In the most basic terms, metabolism, a key player in your weight control efforts, is the rate at which you burn calories. It is mostly determined by your muscle-to-fat ratio, or body composition. The more muscle and the less fat you have, the higher your metabolism and the more calories you burn at rest, work, and play, simply because muscle burns more calories than fat. Genetics and hormones partly determine your metabolism as well, but even then, it is not set in stone. There are many ways to increase your metabolic rate, irrespective of your age or weight history. It will take work on your part, but with some motivation and effort, you should see the results you have always hoped for.
Emphasize exercise. I know you've heard this before, but you need to exercise. Why? Because working out builds muscle. And muscle speeds metabolism. Interval training is one of the best ways to boost your metabolism and burn more calories and fat. Aerobic exercise, like walking, swimming, or cycling, has the added bonus of speeding up your metabolism for 4-8 hours after you stop exercising. Exercise in the morning and you will benefit with a faster metabolism throughout the day, or try short 10 or 15-minute episodes every few hours to keep your metabolism pumping.

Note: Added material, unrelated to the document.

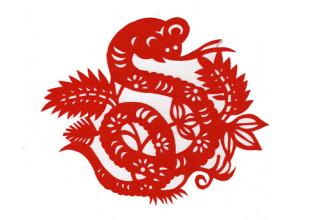 2017年属蛇之人的运程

Don’t skip meals. Skipping meals puts your body in starvation mode. So when you finally eat, your body will store the food rather than burn it as it doesn't know when you will feed it again. Space your meals 4 hours apart to support a constant caloric burn.
Eat a hearty breakfast. It is essential. Your body was deprived of food through the night; therefore, your metabolism has slowed. Your metabolism naturally slows down in the afternoon and evening, so avoid eating late at night.

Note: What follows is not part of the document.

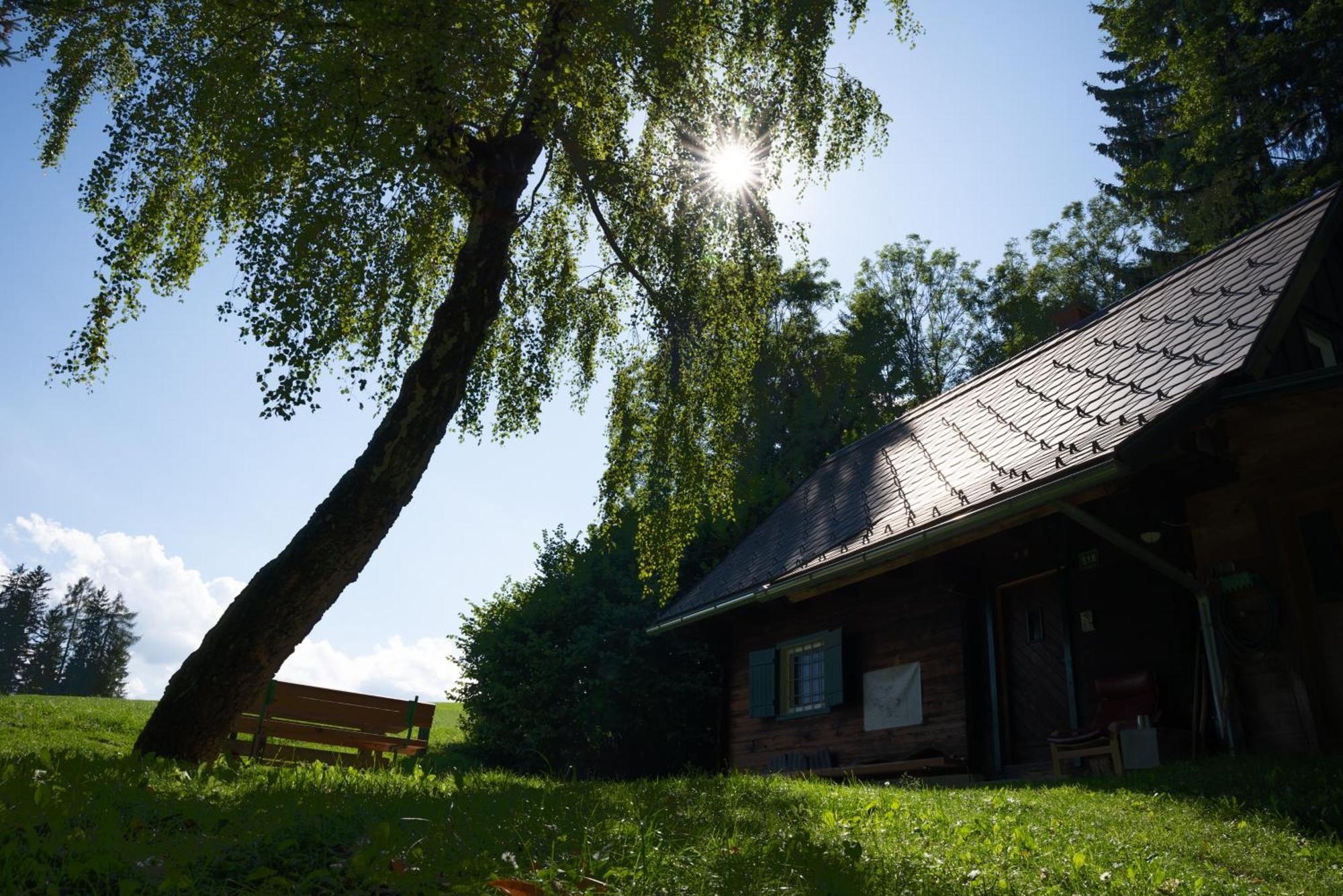 Gregor's Im Wald *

Choose wisely. Certain foods can increase your metabolism. These include fish, lean meats, hot pepper, dark green vegetables, apples, and berries. Not to mention water. Try to drink at least 8 glasses a day for better digestion and a flatter stomach. Green tea is the perfect ingredient to boost the rate at which you burn calories.

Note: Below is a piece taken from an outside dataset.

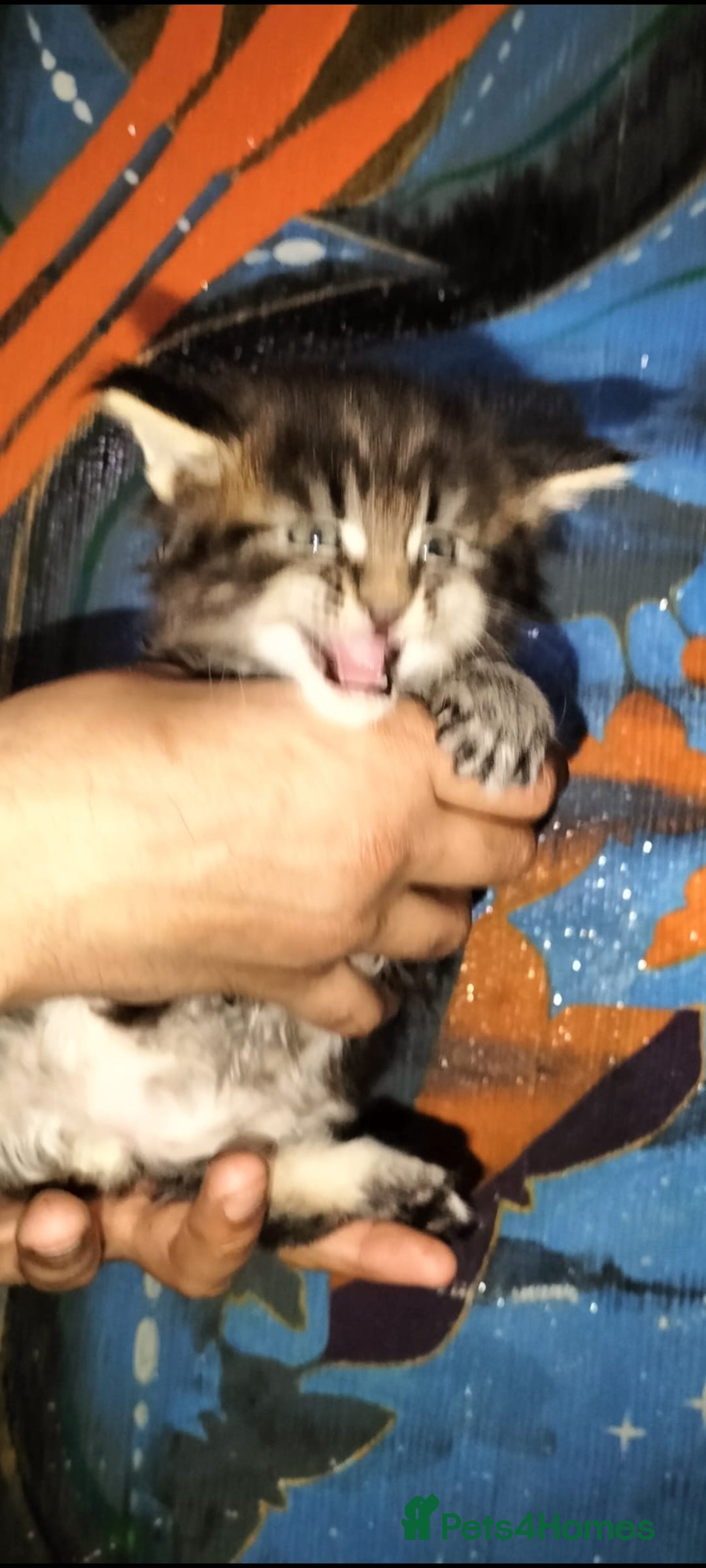 Maine Coon cats Maine coone kittens  - Advert 16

Finally, the most critical component of increasing metabolism and the Holy Grail of physical health is patience. Weight loss will take time. A reasonable timeframe to see some changes is about three months. My advice to you as a potential loser (no offense) is to pick one of the aforementioned metabolic stimulators, try it out, and then gradually add the rest. Your goal should be to incorporate these changes into your lifestyle to keep yourself healthier, stronger and slimmer for the rest of your life, and not for an upcoming social gathering. Keep in mind, weight is one of the few principles where clichés are valid; it's a lifestyle not a temporary glitch.